[Extracted data entries]
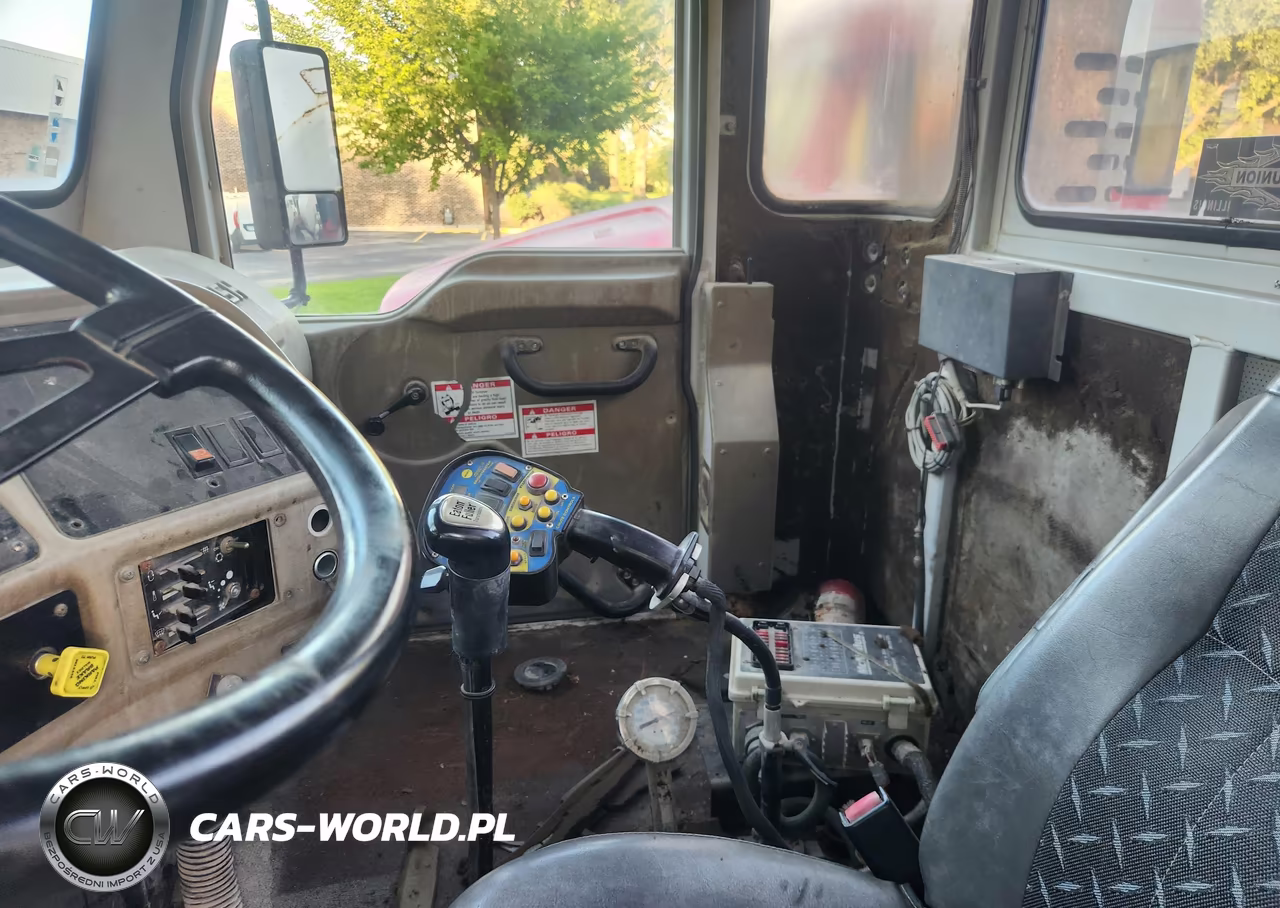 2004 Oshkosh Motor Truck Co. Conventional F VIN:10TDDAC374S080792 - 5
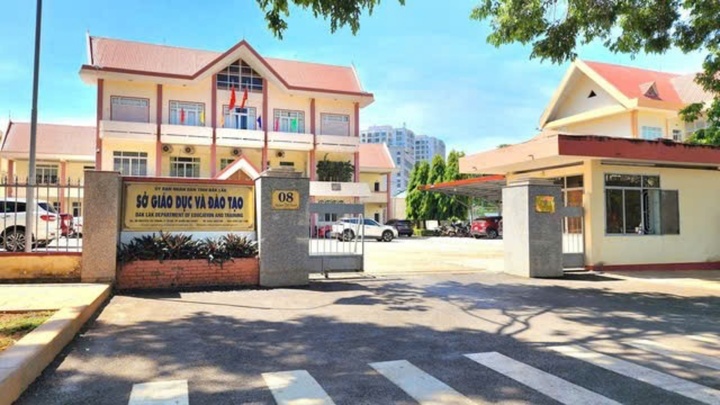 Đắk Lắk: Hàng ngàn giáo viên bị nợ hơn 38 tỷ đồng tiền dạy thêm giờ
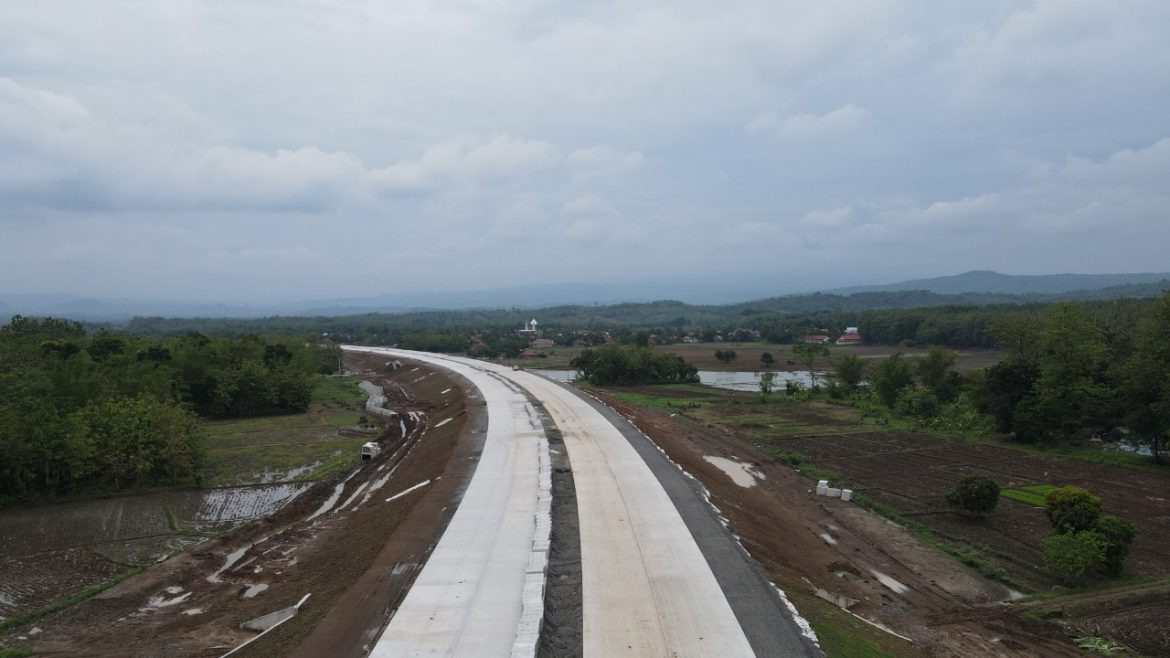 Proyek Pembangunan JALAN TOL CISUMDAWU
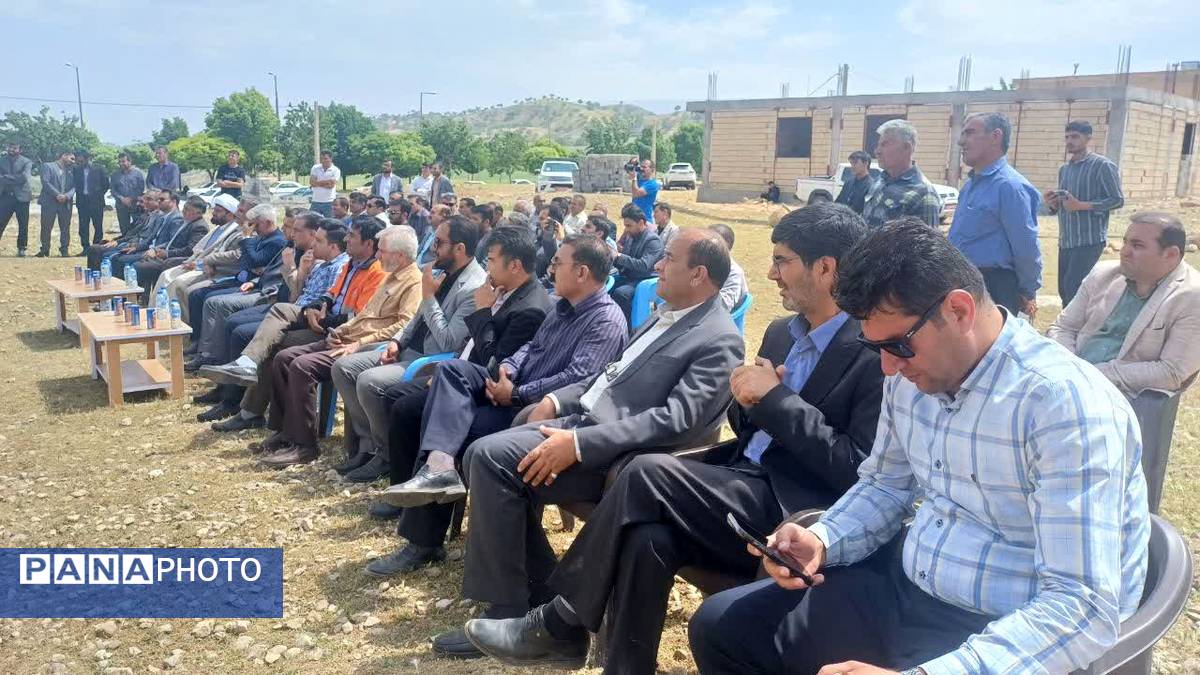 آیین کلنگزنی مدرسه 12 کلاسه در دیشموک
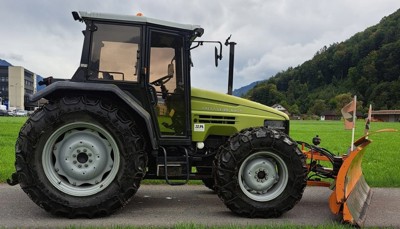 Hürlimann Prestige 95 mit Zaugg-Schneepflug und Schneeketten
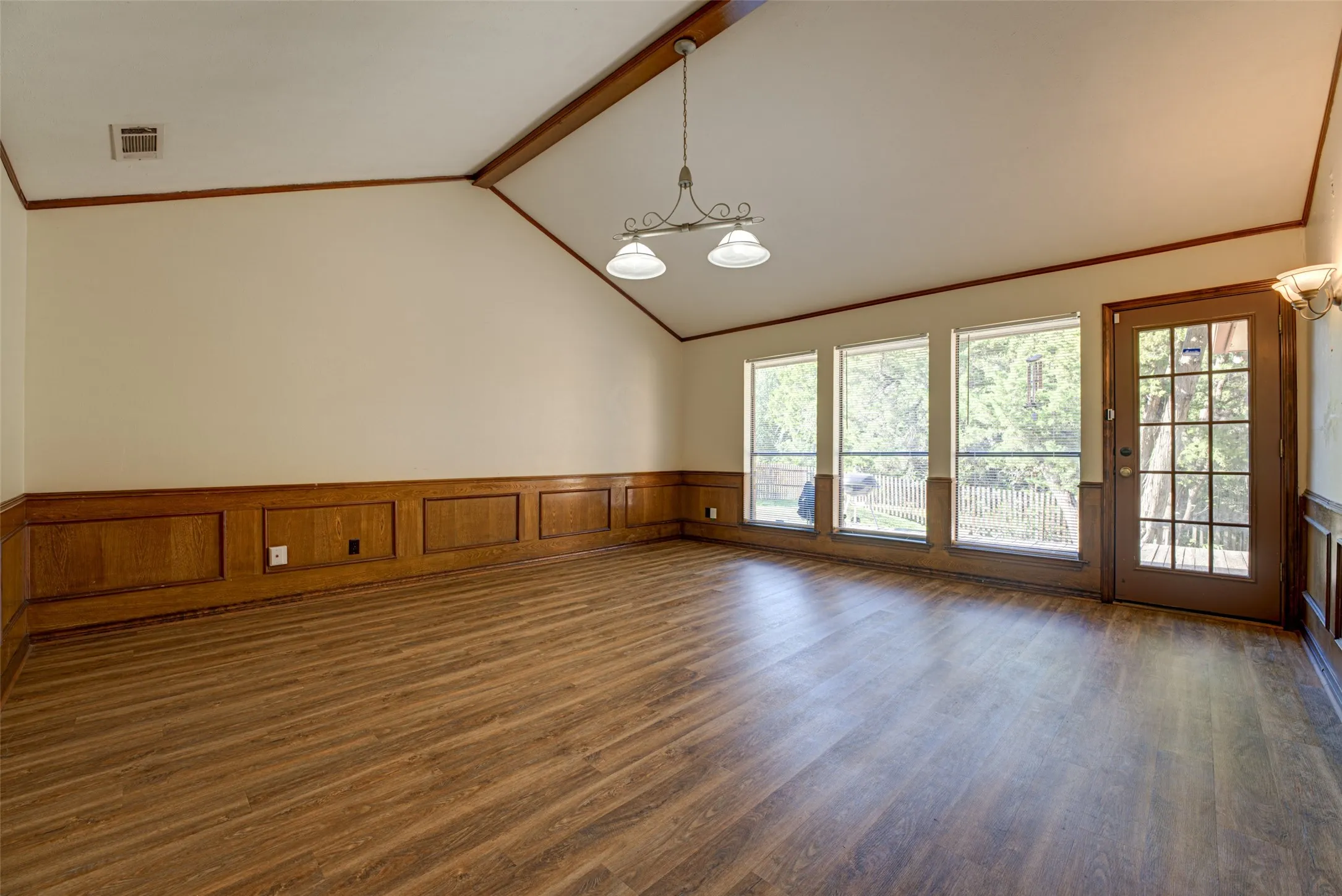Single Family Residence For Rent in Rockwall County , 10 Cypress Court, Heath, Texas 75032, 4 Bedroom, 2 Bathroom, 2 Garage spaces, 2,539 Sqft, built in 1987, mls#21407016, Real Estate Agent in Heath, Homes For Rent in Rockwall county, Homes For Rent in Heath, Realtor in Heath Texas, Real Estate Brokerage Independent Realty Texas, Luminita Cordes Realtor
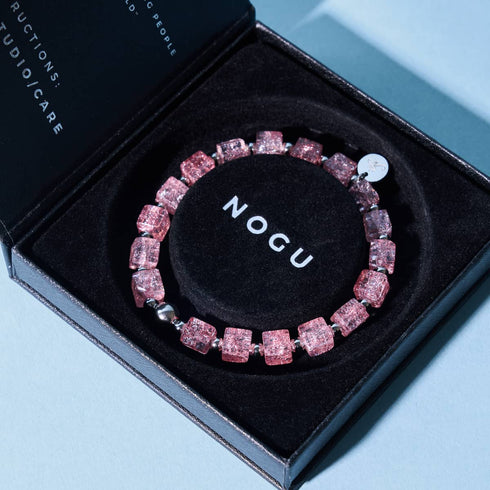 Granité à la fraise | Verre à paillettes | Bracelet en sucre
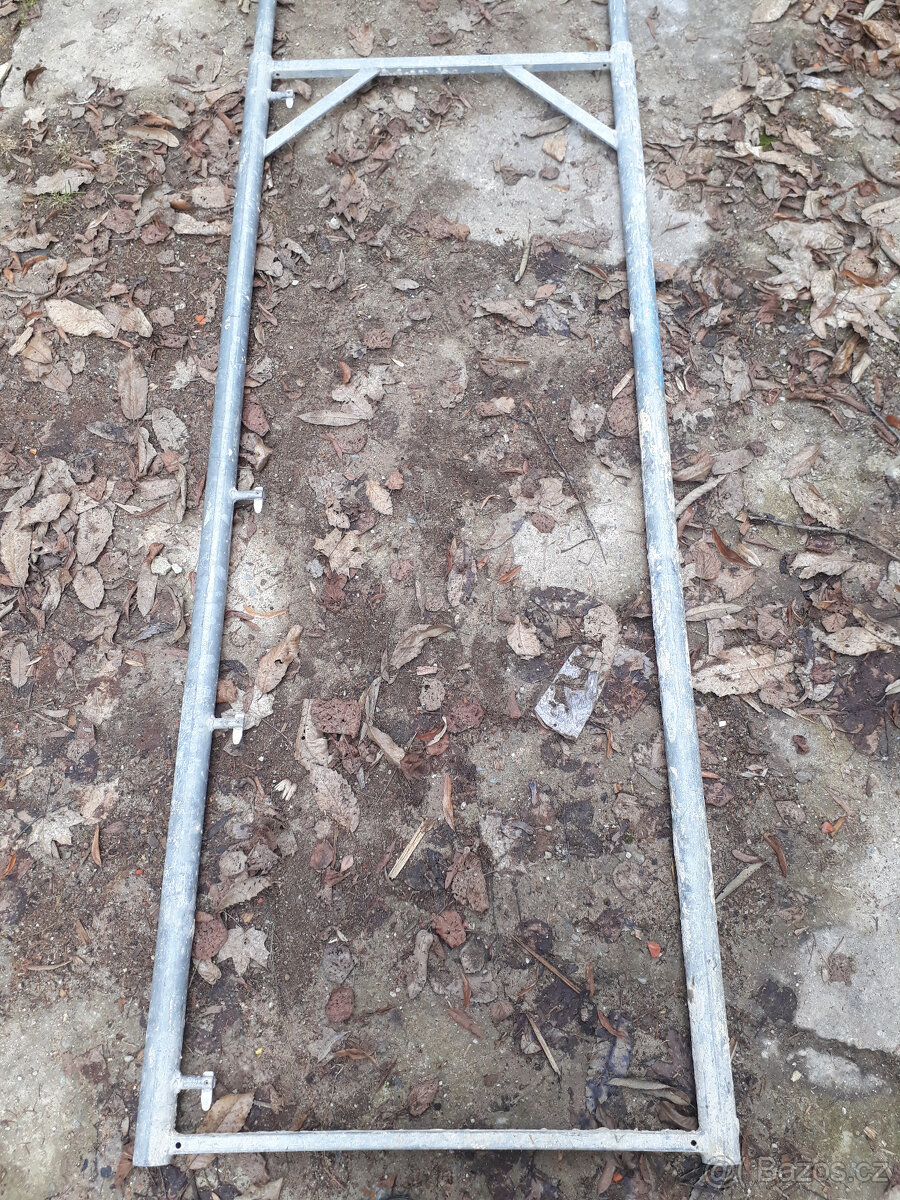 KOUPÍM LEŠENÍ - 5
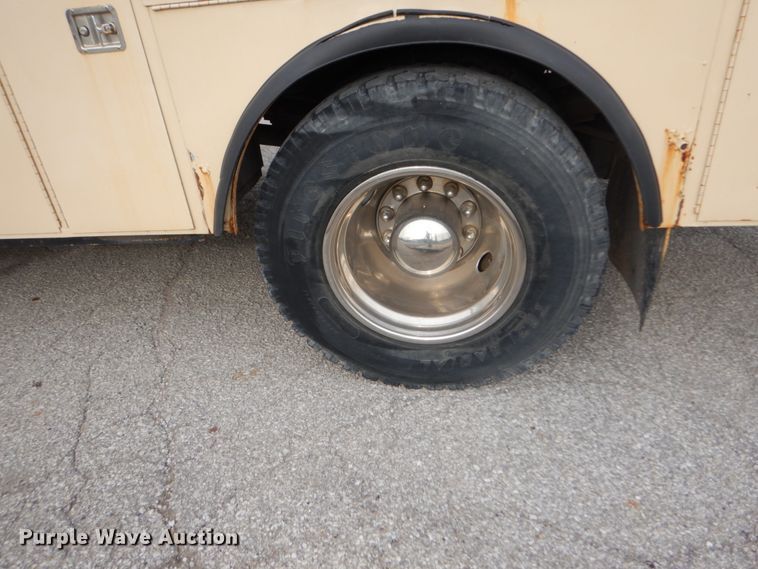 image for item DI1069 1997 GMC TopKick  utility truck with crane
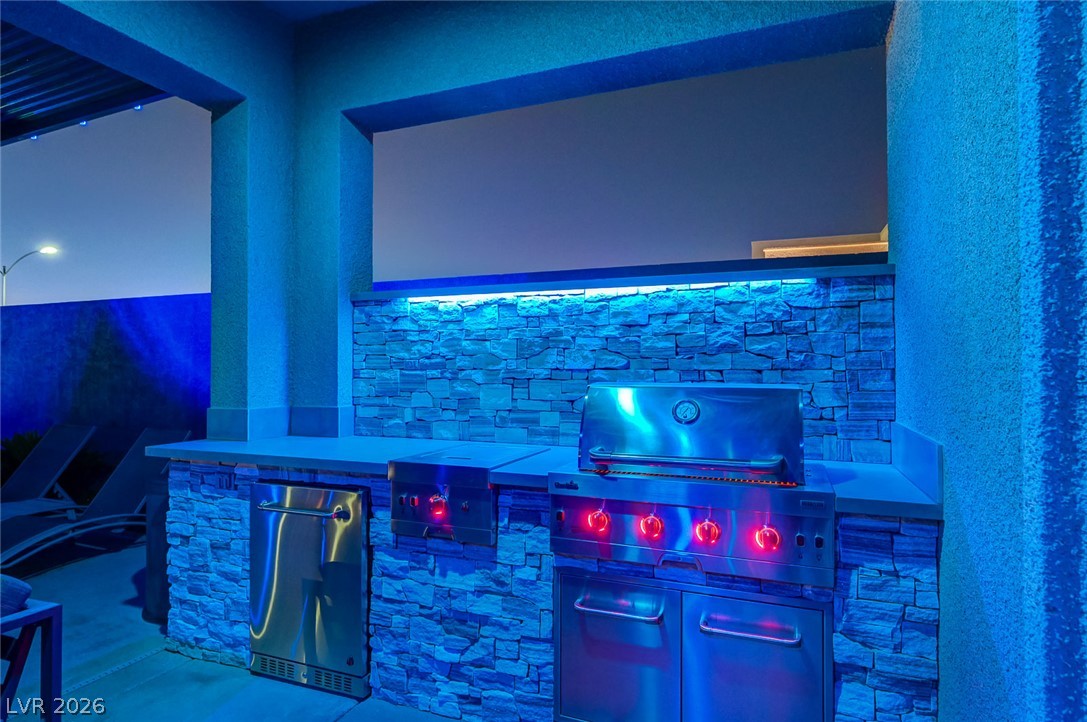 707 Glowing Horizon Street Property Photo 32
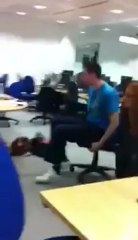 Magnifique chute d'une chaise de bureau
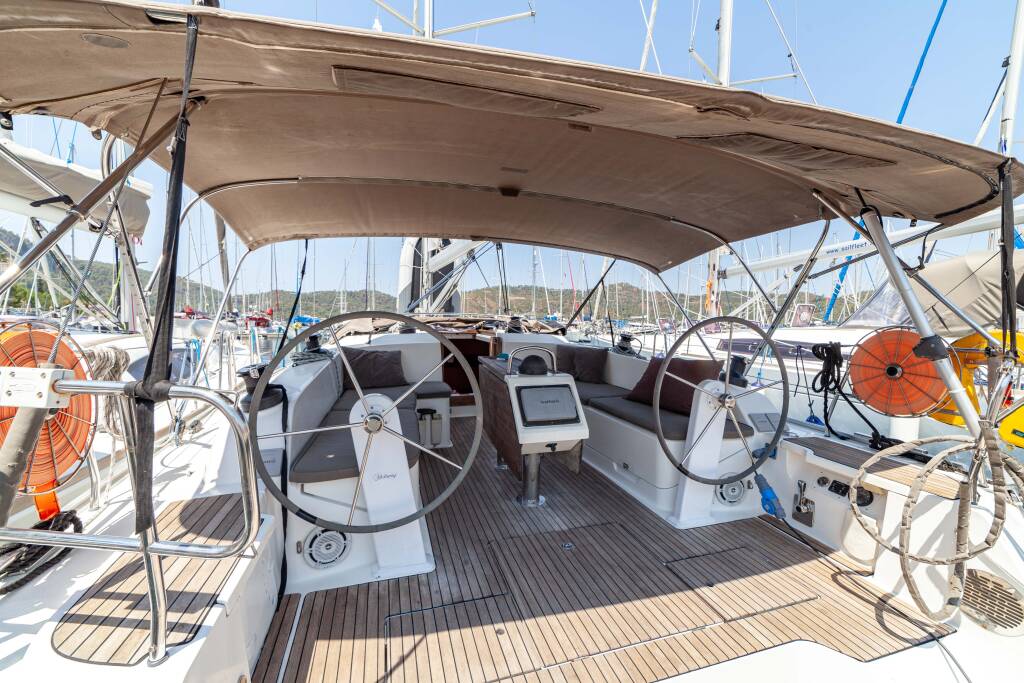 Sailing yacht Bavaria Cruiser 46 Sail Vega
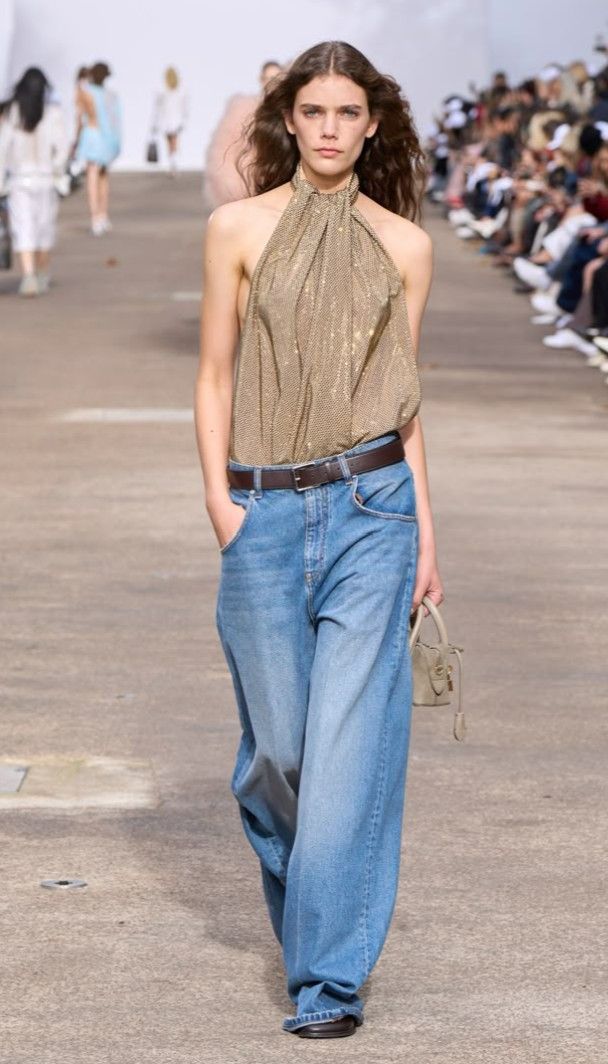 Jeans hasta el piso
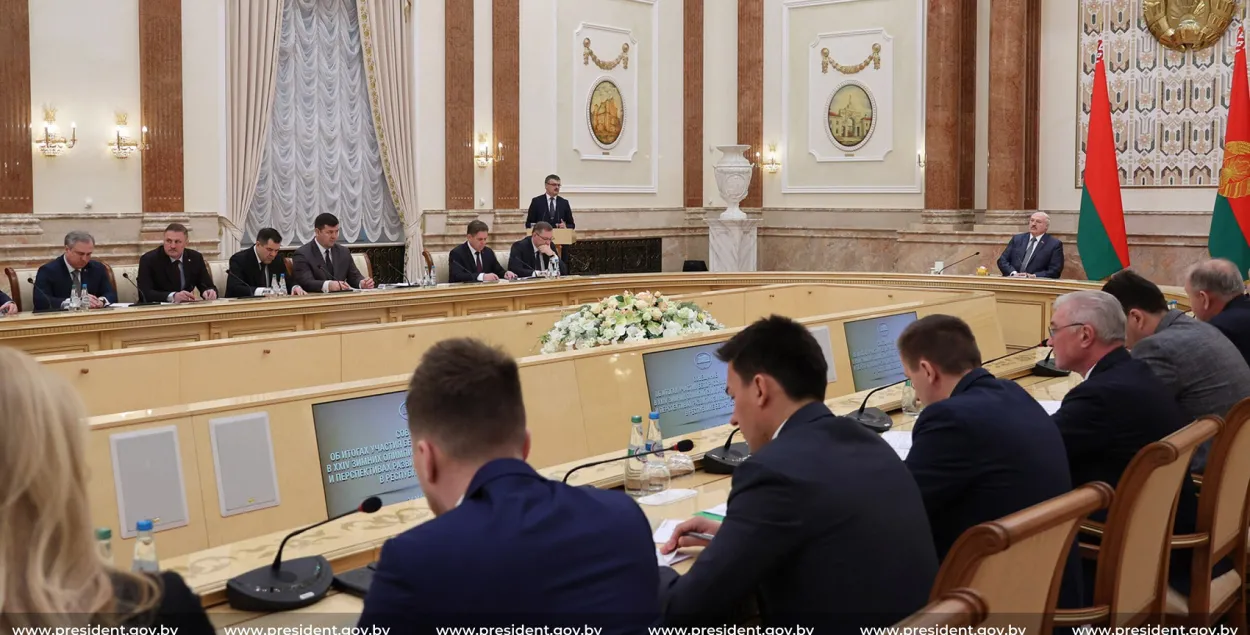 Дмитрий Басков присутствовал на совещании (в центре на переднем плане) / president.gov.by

- What you have to do: From the records above, transcribe only the stretch from the line with "Hürlimann Prestige 95" through the line with "KOUPÍM LEŠENÍ - 5", keeping both ends. Omit pictures.

- Solution:
 Hürlimann Prestige 95 mit Zaugg-Schneepflug und Schneeketten
Single Family Residence For Rent in Rockwall County , 10 Cypress Court, Heath, Texas 75032, 4 Bedroom, 2 Bathroom, 2 Garage spaces, 2,539 Sqft, built in 1987, mls#21407016, Real Estate Agent in Heath, Homes For Rent in Rockwall county, Homes For Rent in Heath, Realtor in Heath Texas, Real Estate Brokerage Independent Realty Texas, Luminita Cordes Realtor
 Granité à la fraise | Verre à paillettes | Bracelet en sucre
 KOUPÍM LEŠENÍ - 5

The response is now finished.